Almost a decade ago, researchers created a synthetic genome which consisted of one million base pairs. The new artificial E. coli genome, created in Cambridge, is reportedly four million base pairs long, according to a study published in the journal ‘Nature’. Completely new methods had to be used in the process of its construction.
The new study, which produced the artificial E. coli bacteria, was headed by Jason Chin, an experienced molecular biologist working at the MRC laboratory. He was curious why all extant living beings encode their genetic sequences in this rather confusing and complex manner. He wondered if there was another way in which genetic information could be stored by a living creature.
Intriguing Redundancies in the Natural Genetic Code
Every amino acid is produced in a cell with the help of three bases ordered within a single strand of DNA. This trio of bases is called a codon. These are of great importance for the proper functioning of the body. For instance, the codon known as TCT ensures that serine (an amino acid) is attached properly to the end of each new protein.
While there are just 20 amino acids in all, there are many more codons than are actually needed to make them all. There are numerous such redundancies in the genetic code, for reasons that elude scientists.
Overall, there are 64 codons, of which 61 work to encode the 20 amino acids. There are also 3 codons that are known as ‘stop codons’ and their primary function is to tell the DNA at what point to halt the construction of any particular amino acid.
For instance, six different codons govern the production of serine.
Jason Chin, like many other scientists before him, was fascinated by this strange duplication and the many redundancies inherent in the natural genetic code. He wondered if all the seemingly extra pieces of DNA were essential for life to function.
Universally, all forms of life make use of 64 codons.

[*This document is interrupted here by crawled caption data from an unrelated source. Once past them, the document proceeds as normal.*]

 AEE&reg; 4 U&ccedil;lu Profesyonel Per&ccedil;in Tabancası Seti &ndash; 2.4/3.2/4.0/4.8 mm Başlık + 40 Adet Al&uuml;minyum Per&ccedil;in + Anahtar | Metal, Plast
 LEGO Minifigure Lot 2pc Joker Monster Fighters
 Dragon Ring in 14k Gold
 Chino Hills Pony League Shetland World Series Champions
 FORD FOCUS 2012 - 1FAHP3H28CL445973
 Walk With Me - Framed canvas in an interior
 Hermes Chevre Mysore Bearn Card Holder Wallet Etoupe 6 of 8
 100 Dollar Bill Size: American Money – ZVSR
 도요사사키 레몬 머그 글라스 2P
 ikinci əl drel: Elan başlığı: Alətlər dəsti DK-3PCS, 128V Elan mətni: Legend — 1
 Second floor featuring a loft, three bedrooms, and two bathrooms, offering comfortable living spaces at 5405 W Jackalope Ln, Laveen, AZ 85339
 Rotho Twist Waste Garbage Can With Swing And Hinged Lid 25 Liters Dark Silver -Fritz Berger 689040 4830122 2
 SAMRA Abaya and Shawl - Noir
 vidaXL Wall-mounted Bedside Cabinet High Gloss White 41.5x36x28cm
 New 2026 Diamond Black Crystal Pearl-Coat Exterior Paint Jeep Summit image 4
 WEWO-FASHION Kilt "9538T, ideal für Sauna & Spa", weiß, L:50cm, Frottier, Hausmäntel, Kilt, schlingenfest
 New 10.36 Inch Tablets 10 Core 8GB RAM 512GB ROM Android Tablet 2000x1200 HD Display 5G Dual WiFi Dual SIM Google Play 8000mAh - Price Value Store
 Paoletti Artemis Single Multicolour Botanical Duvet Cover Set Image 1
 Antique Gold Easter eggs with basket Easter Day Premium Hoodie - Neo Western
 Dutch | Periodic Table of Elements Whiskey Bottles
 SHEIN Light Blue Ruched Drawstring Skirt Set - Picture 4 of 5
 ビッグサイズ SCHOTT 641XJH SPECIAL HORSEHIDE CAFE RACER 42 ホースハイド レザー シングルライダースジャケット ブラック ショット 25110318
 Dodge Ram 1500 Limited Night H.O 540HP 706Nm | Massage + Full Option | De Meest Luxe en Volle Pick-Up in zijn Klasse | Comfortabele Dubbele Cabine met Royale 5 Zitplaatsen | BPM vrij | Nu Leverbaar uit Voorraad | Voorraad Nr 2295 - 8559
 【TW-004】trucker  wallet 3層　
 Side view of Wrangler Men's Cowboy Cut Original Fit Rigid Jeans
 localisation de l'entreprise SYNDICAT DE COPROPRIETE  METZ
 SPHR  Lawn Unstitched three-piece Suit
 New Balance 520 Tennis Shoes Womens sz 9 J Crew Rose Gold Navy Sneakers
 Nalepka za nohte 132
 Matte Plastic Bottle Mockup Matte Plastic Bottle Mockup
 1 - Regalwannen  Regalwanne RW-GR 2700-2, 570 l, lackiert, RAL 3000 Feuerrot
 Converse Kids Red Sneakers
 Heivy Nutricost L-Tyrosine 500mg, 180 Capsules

Hence, in the natural world, there was no answer to be found about whether or not life could exist with any fewer codons.
So Jason and his colleagues set out to create a whole new organism that would provide an answer to this question. The first modified version of the E. coli genome was designed by the Cambridge-based researchers on a computer program.
Editing Nature’s Design – Remaking artificial Life
This new genome only needed 61 codons for the production of all the required amino acids in the organism. Instead of three stop codons, it only had two. Importantly, this genome only used 4 codons to make serine, rather than six.
A good analogy for the entire process would be the way in which an editor treats a gigantic, verbose article. Redundant genetic material – like extra words – were identified and cut out to produce a more condensed and concise finished product.
Now that they had a computer-generated blueprint, the researchers synthesized the new DNA in a laboratory and introduced it into the bacteria. In essence, they had managed to substitute the genetic material created by evolution with a set of artificially manufactured genes.
A daunting challenge, but a tremendous step forward for mankind.
The bacteria created as a result of Chin’s experiment grow at a slower pace and take longer to develop than naturally occurring E. coli. However, they are most definitely alive and capable of reproduction.
The Future of Artificial Life
Chin, for his part, plans to build on the success of this experiment and remove more codons from the genes of living beings. This will enable him to further compress and trim the genetic code, removing even more of the redundancies nature had created.
Like any good editor, he is keen to know how streamlined and concise the genetic code can be without failing to support life.
After all, if we can create artificial life in a laboratory, what more miracles might we be able to perform if we put our minds to it!